=== Available data ===
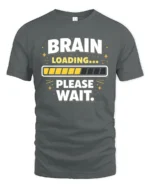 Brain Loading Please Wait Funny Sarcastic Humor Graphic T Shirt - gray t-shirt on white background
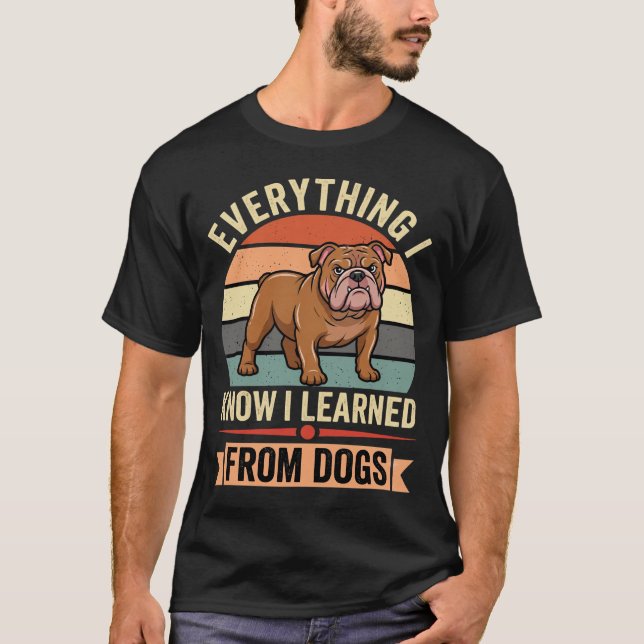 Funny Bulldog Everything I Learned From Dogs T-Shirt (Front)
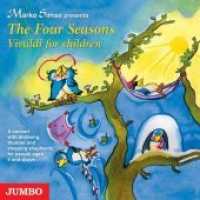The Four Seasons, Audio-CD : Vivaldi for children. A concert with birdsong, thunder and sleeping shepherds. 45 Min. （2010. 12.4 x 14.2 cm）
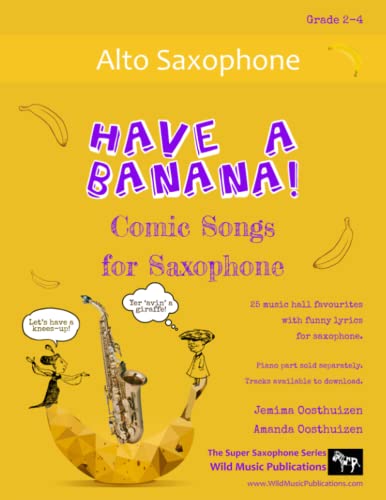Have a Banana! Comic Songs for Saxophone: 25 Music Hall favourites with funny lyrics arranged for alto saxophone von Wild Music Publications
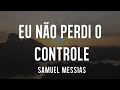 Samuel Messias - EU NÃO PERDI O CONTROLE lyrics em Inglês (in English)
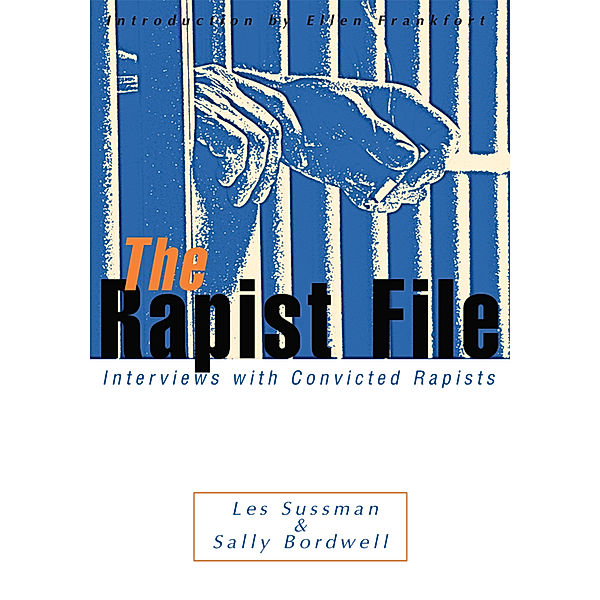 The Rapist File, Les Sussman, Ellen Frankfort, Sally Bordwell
===
=== Available data ===
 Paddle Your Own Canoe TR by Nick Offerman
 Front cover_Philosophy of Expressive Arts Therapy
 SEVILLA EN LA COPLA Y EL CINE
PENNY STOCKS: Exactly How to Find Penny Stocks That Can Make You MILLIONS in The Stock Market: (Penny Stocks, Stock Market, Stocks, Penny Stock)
===
### [Required action]
Which part of the entries opens with the line containing "The Four Seasons, Audio-CD" and closes with the line containing "The Rapist File, Les"? Output that part exactly, ends included, pictures excluded.

### [Response]
The Four Seasons, Audio-CD : Vivaldi for children. A concert with birdsong, thunder and sleeping shepherds. 45 Min. （2010. 12.4 x 14.2 cm）
Have a Banana! Comic Songs for Saxophone: 25 Music Hall favourites with funny lyrics arranged for alto saxophone von Wild Music Publications
 Samuel Messias - EU NÃO PERDI O CONTROLE lyrics em Inglês (in English)
 The Rapist File, Les Sussman, Ellen Frankfort, Sally Bordwell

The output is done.